AMBON, Siwalimanews – Masyarakat rame-rame mengkritik kebijakan Gubernur Maluku, Murad Ismail yang tidak mengusulkan Rancangan APBD Perubahan untuk dibahas dengan DPRD Maluku.

Kejadian yang tidak lazim ini tercatat sebagai peristiwa yang baru pernah terjadi dalam sejarah panjang perjalanan provinsi seribu pulau ini.

Walau DPRD Maluku sudah menyurati Pemprov agar secepat­nya menyampaikan RAPBD Ta­hun 2022 mengingat batas waktu yang diberikan Kemendagri tanggal 30 September 2022, namun Pemprov tak juga mengindahkan­nya.

Buktinya hingga batas waktu tersebut, Pemprov tidak meng­usulkan dokumen Kebijakan Umum Anggaran dan Priorotas Plafon Anggaran Sementara (KUA-PPAS) Anggaran Pendapatan Belanja Daerah, untuk dibahas dan ditetap­kan menjadi APBD Perubahan tahun 2023 dengan DPRD Maluku.

DPRD Maluku dinilai tidak memiliki nyali ketika berhadapan dengan gubernur beserta jajaran birokrasi pemerintah, alhasil lembaga terhormat itu dipandang sebelah mata.

Baca Juga: Tak Dianggap, Dewan Jangan Diam Saja

Karenanya, untuk mengembalikan wibawa lembaga terhormat, maka DPRD harus menggunakan hak yang dijamin dalam Undang Undang, salah satunya hak interpelasi.

Demikian dikatakan Akademisi Fisip Unpatti Paulus Koritelu, kepada Siwalima, Kamis (3/11) siang.

“Memang DPRD harus gunakan hak interpelasi tapi apakah DPRD punya nyali untuk melakukan itu.

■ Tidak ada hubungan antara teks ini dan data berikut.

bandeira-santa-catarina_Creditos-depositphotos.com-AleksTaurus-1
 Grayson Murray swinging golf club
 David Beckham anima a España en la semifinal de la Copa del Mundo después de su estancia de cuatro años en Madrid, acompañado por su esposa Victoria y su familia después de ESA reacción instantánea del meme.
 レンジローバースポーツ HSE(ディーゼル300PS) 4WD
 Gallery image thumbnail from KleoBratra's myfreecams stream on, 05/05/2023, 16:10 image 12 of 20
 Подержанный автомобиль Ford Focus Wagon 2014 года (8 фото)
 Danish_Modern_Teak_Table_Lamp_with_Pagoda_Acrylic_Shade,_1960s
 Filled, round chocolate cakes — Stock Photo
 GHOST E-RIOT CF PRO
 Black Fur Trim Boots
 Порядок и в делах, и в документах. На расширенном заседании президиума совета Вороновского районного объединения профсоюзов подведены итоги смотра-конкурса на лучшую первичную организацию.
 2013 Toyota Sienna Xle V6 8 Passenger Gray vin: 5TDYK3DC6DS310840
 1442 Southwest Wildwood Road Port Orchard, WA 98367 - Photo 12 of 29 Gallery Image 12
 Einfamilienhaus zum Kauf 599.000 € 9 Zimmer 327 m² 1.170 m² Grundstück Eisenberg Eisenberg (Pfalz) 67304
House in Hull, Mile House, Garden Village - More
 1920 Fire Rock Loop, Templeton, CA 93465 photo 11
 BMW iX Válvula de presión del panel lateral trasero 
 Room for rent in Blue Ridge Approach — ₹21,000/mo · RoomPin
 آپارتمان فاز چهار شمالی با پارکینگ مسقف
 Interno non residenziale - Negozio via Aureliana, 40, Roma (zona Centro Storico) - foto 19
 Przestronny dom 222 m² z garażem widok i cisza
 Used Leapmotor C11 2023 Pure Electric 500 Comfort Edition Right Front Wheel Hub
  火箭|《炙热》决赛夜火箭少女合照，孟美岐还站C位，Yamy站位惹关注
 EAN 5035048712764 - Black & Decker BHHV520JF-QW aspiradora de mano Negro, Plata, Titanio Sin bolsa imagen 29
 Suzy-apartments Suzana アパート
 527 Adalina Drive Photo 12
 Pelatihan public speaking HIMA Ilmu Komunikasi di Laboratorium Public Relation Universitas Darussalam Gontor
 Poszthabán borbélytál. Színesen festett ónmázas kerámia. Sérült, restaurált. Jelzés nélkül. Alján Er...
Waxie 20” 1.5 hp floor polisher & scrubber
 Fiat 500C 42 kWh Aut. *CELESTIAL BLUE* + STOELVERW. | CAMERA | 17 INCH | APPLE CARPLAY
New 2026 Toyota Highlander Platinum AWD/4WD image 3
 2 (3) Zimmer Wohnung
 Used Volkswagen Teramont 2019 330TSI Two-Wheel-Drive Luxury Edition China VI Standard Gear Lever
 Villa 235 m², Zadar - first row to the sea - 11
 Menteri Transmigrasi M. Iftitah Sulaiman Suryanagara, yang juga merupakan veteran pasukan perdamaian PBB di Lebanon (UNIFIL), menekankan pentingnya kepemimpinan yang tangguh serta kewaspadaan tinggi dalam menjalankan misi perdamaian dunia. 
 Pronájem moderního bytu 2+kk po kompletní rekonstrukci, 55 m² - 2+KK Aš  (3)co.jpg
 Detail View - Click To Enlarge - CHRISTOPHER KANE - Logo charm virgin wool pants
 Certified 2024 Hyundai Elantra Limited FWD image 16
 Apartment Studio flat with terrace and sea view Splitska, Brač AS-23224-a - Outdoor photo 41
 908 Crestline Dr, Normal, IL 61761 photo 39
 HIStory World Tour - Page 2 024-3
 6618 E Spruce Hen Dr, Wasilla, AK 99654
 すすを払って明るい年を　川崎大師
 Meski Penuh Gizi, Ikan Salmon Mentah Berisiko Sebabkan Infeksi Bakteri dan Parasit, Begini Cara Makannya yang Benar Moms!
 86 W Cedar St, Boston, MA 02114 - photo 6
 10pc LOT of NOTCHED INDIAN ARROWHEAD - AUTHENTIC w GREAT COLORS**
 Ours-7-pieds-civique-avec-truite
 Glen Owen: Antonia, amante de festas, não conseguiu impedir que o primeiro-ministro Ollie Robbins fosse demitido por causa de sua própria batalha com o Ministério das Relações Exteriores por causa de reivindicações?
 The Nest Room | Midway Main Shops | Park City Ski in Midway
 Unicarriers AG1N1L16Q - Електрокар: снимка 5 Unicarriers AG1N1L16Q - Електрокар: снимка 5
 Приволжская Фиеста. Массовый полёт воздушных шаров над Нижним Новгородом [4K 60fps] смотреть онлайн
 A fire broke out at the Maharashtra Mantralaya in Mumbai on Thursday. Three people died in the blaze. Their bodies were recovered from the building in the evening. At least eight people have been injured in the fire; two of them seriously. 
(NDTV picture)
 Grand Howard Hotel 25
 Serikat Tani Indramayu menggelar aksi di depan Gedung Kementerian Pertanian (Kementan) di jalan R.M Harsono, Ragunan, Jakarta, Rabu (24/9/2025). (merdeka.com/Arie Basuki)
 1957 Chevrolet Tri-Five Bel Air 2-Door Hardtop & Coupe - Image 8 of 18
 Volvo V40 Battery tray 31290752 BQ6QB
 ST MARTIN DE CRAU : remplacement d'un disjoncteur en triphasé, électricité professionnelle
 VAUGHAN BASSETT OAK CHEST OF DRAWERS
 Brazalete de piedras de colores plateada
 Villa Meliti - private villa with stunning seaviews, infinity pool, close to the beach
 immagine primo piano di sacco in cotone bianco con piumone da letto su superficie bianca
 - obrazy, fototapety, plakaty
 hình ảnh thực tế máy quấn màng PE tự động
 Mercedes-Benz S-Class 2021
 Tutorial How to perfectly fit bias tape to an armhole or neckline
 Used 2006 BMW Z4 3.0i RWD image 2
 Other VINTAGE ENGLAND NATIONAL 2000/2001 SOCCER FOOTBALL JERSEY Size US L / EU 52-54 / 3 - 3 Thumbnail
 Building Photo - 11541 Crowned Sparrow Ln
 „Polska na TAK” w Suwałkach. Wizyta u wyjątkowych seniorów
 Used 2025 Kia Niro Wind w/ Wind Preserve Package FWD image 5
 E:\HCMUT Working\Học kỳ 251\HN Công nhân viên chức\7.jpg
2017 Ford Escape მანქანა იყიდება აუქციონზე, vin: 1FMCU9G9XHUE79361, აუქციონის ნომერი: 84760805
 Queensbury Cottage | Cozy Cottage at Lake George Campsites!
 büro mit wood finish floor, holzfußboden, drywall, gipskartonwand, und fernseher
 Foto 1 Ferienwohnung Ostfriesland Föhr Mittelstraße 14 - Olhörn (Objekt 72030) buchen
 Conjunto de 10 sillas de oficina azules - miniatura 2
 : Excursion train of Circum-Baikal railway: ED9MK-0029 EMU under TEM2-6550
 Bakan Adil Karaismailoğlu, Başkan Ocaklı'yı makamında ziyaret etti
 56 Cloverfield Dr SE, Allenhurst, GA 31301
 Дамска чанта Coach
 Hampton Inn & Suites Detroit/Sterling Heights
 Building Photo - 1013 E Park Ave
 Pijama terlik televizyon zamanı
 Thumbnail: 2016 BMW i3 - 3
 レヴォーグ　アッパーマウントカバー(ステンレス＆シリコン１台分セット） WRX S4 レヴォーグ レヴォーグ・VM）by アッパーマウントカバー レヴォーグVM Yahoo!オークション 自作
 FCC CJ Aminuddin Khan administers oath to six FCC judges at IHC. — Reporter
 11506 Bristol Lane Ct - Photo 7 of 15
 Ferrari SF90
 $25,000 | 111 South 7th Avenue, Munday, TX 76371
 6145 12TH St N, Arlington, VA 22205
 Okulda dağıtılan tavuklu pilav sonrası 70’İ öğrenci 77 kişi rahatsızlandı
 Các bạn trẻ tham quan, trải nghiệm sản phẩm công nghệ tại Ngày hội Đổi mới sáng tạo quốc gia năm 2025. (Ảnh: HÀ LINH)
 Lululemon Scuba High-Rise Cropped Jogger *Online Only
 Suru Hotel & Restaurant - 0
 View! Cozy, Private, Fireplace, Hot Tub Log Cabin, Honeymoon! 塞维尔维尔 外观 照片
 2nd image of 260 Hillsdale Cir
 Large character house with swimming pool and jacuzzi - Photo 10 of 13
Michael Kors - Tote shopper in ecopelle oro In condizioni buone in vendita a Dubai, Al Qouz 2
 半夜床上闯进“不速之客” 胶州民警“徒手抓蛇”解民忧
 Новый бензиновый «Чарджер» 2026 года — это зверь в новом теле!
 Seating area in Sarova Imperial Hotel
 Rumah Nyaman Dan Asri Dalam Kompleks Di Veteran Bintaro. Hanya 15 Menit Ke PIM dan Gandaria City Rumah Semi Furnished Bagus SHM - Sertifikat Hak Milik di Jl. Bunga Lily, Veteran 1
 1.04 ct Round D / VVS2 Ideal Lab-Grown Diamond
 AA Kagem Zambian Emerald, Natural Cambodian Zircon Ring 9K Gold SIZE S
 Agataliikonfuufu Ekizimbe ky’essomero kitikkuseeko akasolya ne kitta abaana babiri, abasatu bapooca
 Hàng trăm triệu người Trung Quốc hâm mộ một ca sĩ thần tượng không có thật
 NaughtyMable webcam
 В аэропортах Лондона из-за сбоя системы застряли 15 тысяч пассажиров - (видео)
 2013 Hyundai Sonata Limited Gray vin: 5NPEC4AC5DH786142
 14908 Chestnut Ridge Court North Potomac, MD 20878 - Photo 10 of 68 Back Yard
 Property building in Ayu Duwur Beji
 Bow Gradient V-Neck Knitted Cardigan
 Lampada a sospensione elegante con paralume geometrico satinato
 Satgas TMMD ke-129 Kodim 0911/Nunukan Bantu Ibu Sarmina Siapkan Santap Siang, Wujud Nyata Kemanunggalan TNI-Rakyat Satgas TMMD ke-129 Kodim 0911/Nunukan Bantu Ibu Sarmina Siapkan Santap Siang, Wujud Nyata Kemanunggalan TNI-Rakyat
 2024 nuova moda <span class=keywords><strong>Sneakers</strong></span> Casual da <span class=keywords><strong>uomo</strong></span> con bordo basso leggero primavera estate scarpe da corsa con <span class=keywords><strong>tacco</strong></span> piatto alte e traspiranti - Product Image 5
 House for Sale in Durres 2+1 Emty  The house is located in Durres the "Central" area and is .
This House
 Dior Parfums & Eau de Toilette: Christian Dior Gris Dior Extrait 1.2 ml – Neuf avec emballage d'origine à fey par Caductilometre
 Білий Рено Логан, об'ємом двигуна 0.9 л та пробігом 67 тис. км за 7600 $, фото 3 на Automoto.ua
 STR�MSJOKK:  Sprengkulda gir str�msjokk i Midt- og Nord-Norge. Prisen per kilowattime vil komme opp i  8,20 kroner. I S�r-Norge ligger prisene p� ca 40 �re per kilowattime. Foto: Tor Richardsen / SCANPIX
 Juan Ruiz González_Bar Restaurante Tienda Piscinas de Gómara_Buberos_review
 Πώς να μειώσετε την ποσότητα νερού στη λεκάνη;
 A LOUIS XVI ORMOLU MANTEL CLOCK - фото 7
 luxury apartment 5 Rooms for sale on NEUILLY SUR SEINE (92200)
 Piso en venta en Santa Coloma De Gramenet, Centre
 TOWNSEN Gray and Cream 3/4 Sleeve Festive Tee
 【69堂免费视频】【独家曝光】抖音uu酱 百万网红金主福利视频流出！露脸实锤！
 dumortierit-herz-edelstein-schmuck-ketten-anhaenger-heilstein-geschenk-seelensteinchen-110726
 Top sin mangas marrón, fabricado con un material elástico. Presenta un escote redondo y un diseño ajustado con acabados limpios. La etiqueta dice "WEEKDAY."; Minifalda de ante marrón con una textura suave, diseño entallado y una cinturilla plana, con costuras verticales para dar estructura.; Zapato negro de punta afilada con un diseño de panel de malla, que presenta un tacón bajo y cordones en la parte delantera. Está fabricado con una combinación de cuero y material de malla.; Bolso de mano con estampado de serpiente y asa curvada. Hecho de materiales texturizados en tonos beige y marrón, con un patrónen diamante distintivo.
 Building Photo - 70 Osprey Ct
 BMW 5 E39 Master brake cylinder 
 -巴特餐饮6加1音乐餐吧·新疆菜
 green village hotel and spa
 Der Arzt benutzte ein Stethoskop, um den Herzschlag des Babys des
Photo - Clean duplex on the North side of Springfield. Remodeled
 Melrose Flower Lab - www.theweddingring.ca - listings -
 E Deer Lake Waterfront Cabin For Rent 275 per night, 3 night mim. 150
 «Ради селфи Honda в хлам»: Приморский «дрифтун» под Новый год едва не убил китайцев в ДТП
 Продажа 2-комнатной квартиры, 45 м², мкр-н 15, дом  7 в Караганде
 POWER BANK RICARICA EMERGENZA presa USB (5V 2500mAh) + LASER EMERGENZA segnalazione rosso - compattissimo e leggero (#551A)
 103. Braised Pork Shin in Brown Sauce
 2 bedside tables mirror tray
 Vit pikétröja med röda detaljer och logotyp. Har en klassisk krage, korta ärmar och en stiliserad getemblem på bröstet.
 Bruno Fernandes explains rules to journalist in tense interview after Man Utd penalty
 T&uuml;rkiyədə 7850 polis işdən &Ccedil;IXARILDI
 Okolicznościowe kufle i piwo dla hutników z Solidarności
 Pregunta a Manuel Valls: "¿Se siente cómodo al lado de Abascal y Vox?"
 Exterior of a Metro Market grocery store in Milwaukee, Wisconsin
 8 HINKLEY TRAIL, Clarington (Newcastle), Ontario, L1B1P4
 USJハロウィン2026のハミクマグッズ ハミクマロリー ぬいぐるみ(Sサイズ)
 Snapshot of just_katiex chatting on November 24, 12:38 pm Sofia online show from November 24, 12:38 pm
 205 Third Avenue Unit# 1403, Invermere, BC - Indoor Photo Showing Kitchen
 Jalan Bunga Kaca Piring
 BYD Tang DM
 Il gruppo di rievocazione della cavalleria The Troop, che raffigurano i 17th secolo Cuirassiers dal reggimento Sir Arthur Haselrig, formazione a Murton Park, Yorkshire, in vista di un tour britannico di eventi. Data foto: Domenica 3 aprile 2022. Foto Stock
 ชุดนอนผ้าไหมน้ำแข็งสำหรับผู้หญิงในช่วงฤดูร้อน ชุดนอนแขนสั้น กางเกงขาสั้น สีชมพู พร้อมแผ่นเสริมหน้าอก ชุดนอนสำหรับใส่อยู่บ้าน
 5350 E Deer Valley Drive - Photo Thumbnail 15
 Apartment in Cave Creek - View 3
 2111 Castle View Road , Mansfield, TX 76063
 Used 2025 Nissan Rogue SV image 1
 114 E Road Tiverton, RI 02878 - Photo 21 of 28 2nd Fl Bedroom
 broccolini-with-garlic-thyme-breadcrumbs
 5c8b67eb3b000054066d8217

DPRD harus tegas dan berani sehingga wibawa DPRD dapat dikembalikan,” cetusnya.

Dikatakan, DPRD dan pemerintah daerah harus menyadari sungguh bahwa mereka adalah mitra sejajar dan menjadi alat negara untuk mengha­dirkan negara yang sejahtera.

Pada level Provinsi Maluku baik Pemda dan DPRD sedang menunjuk­kan interaksi politik yang sangat tidak menguntungkan bagi rakyat dimana arogansi kekuasaan sedang coba diterapkan padahal interaksi demikian mestinya sudah harus dihentikan.

Dijelaskan, wajar secara periodik tanpa disurati sekalipun proses-proses inisiatif harus dilakukan Pemda untuk mengajukan berbagai dokumen yang berhubungan dengan APBD Perubahan tanpa harus menunggu proses formalitas birokrasi.

“Martabat DPRD akan terlihat jika Pemda memberikan penghormatan kepada lembaga yang sebenarnya merepresentasikan kepentingan rakyat dan yang dipercaya oleh rakyat sebab berbeda dengan Pemda yang terlepas dari jabatan politik Gubernur dan wakil gubernur adalah lembaga negara yang di SK-kan dalam jabatan karir,” ujar Koritelu.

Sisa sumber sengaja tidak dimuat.